◆ WORK REQUEST
Among the records that follow, set down only the lines from the one containing "Sun 36x55cm rattan mirror" to the one containing "Classic leather men's shoes", both included, exactly.

◆ MATERIAL PROVIDED
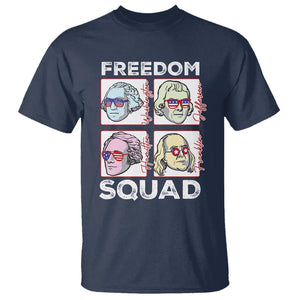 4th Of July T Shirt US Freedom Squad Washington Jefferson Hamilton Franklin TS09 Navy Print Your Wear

...

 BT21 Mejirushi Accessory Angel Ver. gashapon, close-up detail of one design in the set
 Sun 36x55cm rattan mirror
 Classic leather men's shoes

◆ WRITTEN RESPONSE
 Sun 36x55cm rattan mirror
 Classic leather men's shoes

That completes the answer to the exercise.